Wednesday, January 27, 2010

"If you build it, they will come!"

I love that quote from Field of Dreams with Kevin Costner. I think it is true of anything. Living outside of Detroit is not such a bad thing. Our sports teams are legendary, just not all in the right direction. So, the owners of the Lions (NFL for you non-football folks) thought they should build a new stadium, Ford Field. If we build it, they will come (to learn how to play?). That didn’t work, but the Field is beautiful, see for yourself here.

The same is true about teaching in a constructionist classroom! If THEY build it, “it” will come (to them.) It is a great theory because the kids are immersed in the artifact they are building; but we have to get them to build it! I teach science, so building things is an easy way for me to teach, if you can call it that. I give instructions, over and over and over, and hand out the instructions, with plenty of additional copies for those lost, and then I coach and cheer for my team to build. More times then not, I get a decent turnout of the project artifacts being created. The other great thing about science is the hypothesis! I do not teach my kids the scientific method; I completely submerse them in it. I teach around inquiry (Pitler & Hubbell, 2001) which is a founding component of the hypothesis.
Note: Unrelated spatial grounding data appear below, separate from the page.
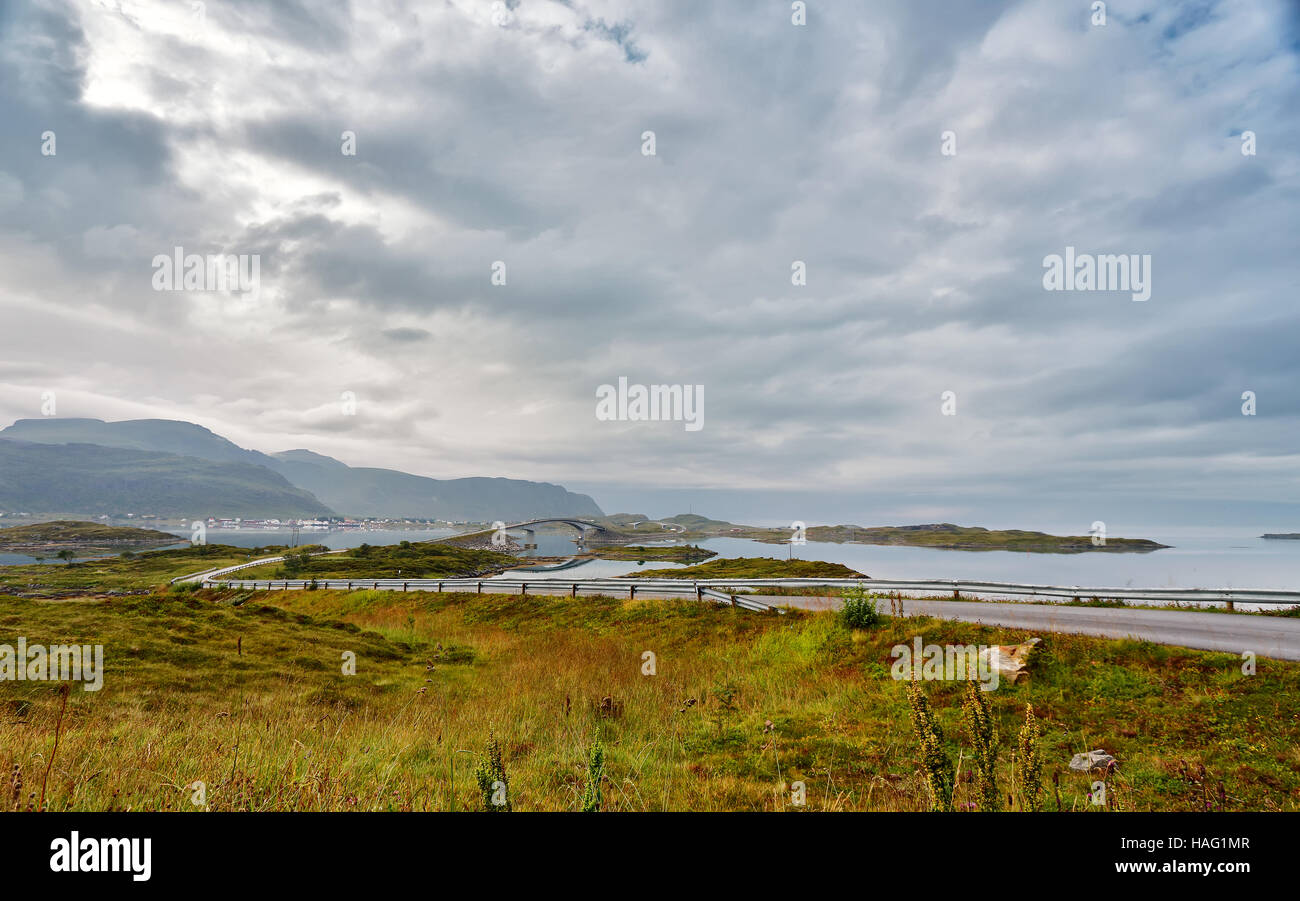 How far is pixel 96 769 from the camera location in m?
5.45

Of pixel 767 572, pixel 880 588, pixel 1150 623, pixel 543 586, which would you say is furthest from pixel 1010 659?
pixel 767 572

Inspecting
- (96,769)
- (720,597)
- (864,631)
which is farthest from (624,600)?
(96,769)

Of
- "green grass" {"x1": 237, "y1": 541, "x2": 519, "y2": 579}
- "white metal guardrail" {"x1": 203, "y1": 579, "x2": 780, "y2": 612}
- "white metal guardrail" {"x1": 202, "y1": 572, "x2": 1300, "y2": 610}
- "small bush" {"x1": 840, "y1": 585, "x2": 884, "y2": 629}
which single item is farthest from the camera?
"green grass" {"x1": 237, "y1": 541, "x2": 519, "y2": 579}

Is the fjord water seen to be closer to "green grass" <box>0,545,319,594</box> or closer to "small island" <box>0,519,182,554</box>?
"green grass" <box>0,545,319,594</box>

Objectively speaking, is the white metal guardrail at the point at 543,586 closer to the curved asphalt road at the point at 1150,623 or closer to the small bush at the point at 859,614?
the curved asphalt road at the point at 1150,623

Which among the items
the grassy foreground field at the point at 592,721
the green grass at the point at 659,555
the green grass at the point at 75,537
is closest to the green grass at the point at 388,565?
the green grass at the point at 659,555

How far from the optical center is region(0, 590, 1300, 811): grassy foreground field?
5.60 metres

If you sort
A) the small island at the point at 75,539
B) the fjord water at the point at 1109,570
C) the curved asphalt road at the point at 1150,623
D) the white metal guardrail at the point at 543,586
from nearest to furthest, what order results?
1. the curved asphalt road at the point at 1150,623
2. the white metal guardrail at the point at 543,586
3. the fjord water at the point at 1109,570
4. the small island at the point at 75,539

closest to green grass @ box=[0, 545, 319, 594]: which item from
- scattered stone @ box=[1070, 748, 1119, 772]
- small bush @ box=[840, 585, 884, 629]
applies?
small bush @ box=[840, 585, 884, 629]

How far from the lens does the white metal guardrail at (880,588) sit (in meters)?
16.5

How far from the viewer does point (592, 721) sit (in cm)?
948

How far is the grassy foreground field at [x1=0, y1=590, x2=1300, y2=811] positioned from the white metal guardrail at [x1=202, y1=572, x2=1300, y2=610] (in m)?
6.73

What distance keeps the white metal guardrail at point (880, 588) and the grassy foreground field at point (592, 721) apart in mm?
6730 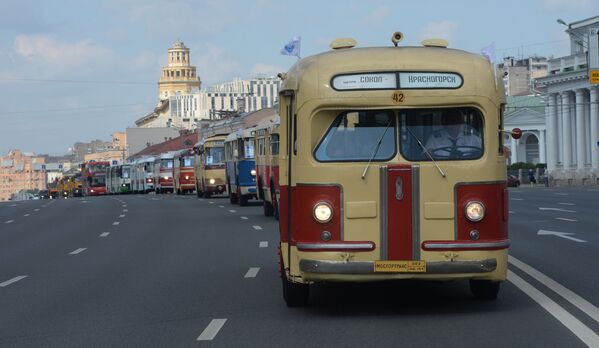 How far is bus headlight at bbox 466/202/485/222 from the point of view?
11.4 metres

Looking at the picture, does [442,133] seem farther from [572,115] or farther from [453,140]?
[572,115]

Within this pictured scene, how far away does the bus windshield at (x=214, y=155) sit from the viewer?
185ft

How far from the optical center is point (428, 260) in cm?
1133

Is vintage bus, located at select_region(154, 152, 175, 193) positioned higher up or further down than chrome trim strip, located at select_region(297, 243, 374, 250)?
higher up

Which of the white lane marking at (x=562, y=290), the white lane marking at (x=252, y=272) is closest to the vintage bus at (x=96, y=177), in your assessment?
the white lane marking at (x=252, y=272)

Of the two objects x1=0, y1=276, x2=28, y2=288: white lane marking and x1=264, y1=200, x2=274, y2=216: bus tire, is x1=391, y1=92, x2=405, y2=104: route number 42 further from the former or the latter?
x1=264, y1=200, x2=274, y2=216: bus tire

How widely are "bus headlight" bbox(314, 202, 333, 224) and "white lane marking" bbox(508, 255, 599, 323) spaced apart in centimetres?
257

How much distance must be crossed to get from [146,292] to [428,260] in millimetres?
4589

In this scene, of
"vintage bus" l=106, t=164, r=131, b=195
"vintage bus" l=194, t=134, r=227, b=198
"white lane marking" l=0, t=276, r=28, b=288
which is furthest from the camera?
"vintage bus" l=106, t=164, r=131, b=195

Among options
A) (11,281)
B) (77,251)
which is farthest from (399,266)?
(77,251)

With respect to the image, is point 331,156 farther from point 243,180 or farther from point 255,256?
point 243,180

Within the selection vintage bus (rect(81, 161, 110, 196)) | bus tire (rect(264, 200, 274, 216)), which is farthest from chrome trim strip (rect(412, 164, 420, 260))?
vintage bus (rect(81, 161, 110, 196))

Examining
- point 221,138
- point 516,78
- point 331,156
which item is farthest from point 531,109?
point 331,156

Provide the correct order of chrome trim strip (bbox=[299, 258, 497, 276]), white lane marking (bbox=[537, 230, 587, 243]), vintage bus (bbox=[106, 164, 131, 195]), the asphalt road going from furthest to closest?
vintage bus (bbox=[106, 164, 131, 195]) < white lane marking (bbox=[537, 230, 587, 243]) < chrome trim strip (bbox=[299, 258, 497, 276]) < the asphalt road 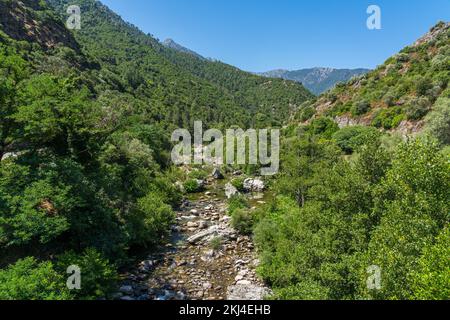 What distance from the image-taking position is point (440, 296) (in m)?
11.0

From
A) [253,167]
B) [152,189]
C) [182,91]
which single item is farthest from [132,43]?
[152,189]

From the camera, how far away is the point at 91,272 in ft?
60.7

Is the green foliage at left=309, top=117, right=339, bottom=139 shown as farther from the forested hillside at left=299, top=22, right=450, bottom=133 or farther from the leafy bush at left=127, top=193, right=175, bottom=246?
the leafy bush at left=127, top=193, right=175, bottom=246

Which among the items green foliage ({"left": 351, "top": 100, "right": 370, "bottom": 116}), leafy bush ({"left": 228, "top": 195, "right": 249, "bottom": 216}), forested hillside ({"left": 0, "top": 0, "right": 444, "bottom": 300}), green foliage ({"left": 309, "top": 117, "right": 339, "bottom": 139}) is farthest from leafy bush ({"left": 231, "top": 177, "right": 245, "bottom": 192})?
green foliage ({"left": 351, "top": 100, "right": 370, "bottom": 116})

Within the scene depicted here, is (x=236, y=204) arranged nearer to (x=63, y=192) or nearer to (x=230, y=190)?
(x=230, y=190)

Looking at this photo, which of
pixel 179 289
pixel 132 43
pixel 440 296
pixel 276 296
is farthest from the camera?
pixel 132 43

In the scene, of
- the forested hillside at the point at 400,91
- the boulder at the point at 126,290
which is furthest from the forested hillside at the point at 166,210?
the forested hillside at the point at 400,91

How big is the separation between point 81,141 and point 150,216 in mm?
9748

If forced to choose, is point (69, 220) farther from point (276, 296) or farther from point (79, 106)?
point (276, 296)

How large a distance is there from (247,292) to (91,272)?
33.6ft

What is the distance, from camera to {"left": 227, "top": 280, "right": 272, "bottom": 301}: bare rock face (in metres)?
21.1

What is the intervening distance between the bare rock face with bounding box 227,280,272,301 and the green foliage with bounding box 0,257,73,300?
10353 millimetres

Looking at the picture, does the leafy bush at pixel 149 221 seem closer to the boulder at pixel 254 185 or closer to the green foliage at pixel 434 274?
the boulder at pixel 254 185

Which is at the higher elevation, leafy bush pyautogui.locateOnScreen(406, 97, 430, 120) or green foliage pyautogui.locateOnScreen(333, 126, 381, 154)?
leafy bush pyautogui.locateOnScreen(406, 97, 430, 120) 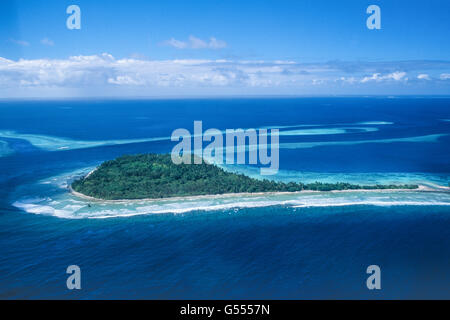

Now that January is on it’s way out (yeah, can you believe it!!), my students have finally figured out I will not be solving their problems or giving direct answers to every question. They must search and test their own theory and get back to me with the result. It is a nice feeling to round that base! Using technology to gain insight, gather information, and work towards the creation of artifacts and knowledge are a dream. Some days, that is a pipe dream because of the lack of computers and internet for my students, both at school and home, but I keep trying to round the bases. Some days we hit singles, but others we get the homer! And so, they build those artifacts and keep learning and connecting the dendrites into permanent long-term memory. Guess I believe in constructionism, for “If they build it, they will come (to know it.)”


  1. Marie,

    I loved your connection to the movie The Field of Dream to the constructivist theory. I can completely see you point. I teach fourth grade and one of our GLEs (Grade Level Expectations) in science is to create a working simple circuit. This is my favorite science lesson each year because I enjoy watching the students build their own circuits. It always amazes me to see how creative they get when it come to creating the simple circuits. In the end, the students understand that they must have a complete circuit for the light bulb to turn on. This is just one of the many ways I use the constructivist theory in my classroom.


  2. Victoria~they get it when they create it. I have also found the less instruction given and more facilitation used, they better the outcomes. It's just like your circuits, they turn on their own brains just like the light bulb!

  3. Orey tells us that social constructivism is collaborative learning engaged in creating artifacts and conversing with others. He goes on to say that conversation can help one understand and that context and culture are critical in constructing knowledge and understanding of the world around us. The social learning theories intertwine nicely with the cooperative learning strategy that focuses on students interacting in groups to advance learning.

    Technology is a critical tool in implementing group learning and collaboration. It provides a structure for students to work together in completing projects and to communicate from where ever they might be. Some resources that support cooperative learning are Google docs, wikis, and voice thread. Also, there are resources available to help students organize information for their project-public bookmarks such as delicious and shared calendars such as Google calendar, Pitler tells us “technology allows students to collaborate on projects without the constraint of time or geography” (Pitler, 2007, p.153). Technology is a great tool for providing anytime, anywhere learning. It provides a means for students to communicate through various means such as Skype that allow students to communicate and create a project even if they are in various places. Cooperative learning allows students to communicate so they can learn from one another and create together. Through cooperative learning activities, students stay actively engaged in learning therefore supporting life long learning.


  4. Retta~
    All great choices. I have used each technology application you mentioned, except voice threads, throughout a school year; some, like google docs, are becoming favorites of the kids.

    Pleases fill me in on the voice threads! How do you use them, and what informatuon do you require?

  5. Isn't it frustrating when you have ideas that center around technology and you are held back because of its availability? I can't really complain because I have it better than most, but it is frustrating none the less. I also teach science and most of the activities that we do can be done in the science lab without computers. One project that we do is to make "cell pizzas" at the end of our unit on cells. Kids love it and it seems quite effective.

  6. Marie,
    You made me smile. I love your analogy to the Field Of Dreams. You are so right, the students will remember what they did hands on more than they will ever remember a worksheet.
    I was at a 1st grade conference this past Friday and the one speaker said, "Dittos Do Diddly!" Thanks for making this theory more understandable with your analogy!